I moo-ved on to detailing the sides of the car. I added some vertical angle iron per the prototype, and also added the doors and hardware. The GWR believed in redundancy and nearly every piece had a back-up piece in case something failed. As a result, it is all way more complicated than it should be. Still, I did my best add the lower portion of the doors which fold down and the upper portions of the doors which swing to the sides. Why couldn't they just build it simple with sliding doors, or bi-folding doors, or something? An interesting project trying to find bits and pieces to replicate all of the little things that make the car so complicated.

Next, I began final framing of the car. The four corners each received vertical L-angle (0.080") and in places I had to back-fill with styrene. Then, the lower corners received their diagonal bracing. There were horizontal steel bars across the open ends (were the cows so inclined to jump out that they had to be restrained?) and they were added with stainless steel wire. Finally, the upper edges of the car were framed out with more square styrene in preparation for the roof. After taking this picture I realized that I needed to trim the lower edge of the left diagonal brace... actually, my wife pointed that out. Taking pictures while building models is a useful trick.

As noted earlier, I want to add some cattle to this car and it won't be easy with the wire rods and the roof in place. So, I had to plan ahead. But I didn't do a good job of it because I attached the sides to the base, which means the roof has to go on last. It is foreseeable that I could bend a thin roof from styrene and hold it down while the glue dries after the car is painted and loaded with cows, but that seems finicky. Much better would be a metal roof that will hold its bent shape which I can paint and then attach with glue and leave it to cure on its own without having to press it down. So, I went to the hobby store and picked up some 0.015" thick sheet brass.

I am blessed to have friends with fully stocked machine shops, so bending brakes and rollers are at my disposal if I want. But, the metal I bought was thin enough that I was able to coax it into shape by slowly working it over from the inside out. I first cut a piece roughly to the dimensions I needed (leaving lots of overhang on the sides, because getting a smooth curve is toughest on the edges) and then I bent it by hand. Once it looked good, I trimmed the ends and sides with a pair of scissors and then I took it over to my belt sander to finish up the work. I also gently rounded over the corners so that they wouldn't cut anyone. And with that, I assumed the top of the car was done.


While showing my wife what I had built, she innocently asked if I would build more to which I responded "No, I would rather buy them!" This was not the correct answer apparently, but I had so much trouble with the wheels and axles that I decided I won't build more 2-axle cars unless I can find commercial axleboxes. As it is, the wheels roll but not perfectly and my wife pointed this out too (she is good at things like this, bless her heart).

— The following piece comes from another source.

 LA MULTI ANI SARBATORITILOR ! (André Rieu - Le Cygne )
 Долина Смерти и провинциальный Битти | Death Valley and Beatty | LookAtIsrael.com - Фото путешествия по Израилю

So, I ordered some more wheels and probably will have a go at rebuilding the rolling parts of the chassis for a ninth time. I also have to add brakes, buffers, and couplings.

And I will leave you with this thought, brought to my attention by my father who occasionally follows my blog: "First a milk car. Then a "butter dish" car. Next a cattle wagon. Coincidence? (Holy cow!) I think not. Perhaps an ice cream car is in your future." Well, the TCDA car carried milk to an ice cream plant so I suppose that counts as an ice cream car. My last four cars have been centered on cows, and my final car definitely won't be!